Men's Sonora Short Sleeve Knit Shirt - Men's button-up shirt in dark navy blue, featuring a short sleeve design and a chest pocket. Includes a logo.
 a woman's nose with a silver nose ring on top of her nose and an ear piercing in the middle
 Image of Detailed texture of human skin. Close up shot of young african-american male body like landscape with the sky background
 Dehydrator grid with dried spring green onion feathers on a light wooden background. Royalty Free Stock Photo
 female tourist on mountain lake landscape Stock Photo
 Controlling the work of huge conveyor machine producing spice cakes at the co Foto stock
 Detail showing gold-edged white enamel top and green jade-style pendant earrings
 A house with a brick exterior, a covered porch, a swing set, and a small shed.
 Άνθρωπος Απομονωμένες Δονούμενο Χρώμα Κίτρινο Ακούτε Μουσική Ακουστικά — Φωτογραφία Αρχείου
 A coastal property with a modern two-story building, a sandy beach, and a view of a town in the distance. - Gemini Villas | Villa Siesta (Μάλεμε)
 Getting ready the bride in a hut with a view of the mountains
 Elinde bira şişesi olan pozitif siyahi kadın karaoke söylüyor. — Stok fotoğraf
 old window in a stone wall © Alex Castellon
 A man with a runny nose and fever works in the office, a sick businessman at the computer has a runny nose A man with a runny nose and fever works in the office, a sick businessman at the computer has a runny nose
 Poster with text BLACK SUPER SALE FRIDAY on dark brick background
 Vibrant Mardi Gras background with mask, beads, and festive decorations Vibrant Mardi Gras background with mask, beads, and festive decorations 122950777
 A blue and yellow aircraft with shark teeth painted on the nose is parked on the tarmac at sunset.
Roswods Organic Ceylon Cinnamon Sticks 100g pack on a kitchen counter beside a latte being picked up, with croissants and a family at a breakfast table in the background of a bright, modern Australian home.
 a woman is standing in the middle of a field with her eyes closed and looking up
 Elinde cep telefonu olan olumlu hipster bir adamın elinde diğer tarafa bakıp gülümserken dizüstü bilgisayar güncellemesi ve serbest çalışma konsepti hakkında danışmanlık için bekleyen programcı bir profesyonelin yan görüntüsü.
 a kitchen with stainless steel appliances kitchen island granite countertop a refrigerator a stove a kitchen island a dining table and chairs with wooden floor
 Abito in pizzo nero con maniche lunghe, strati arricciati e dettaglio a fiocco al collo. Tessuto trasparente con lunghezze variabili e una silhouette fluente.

================

▶ **GOAL OF THE EXERCISE**: Across the listing above, find each line that holds the word "green". Give only how many there are.

▶ **RESPONSE FOR THIS EXERCISE**: 2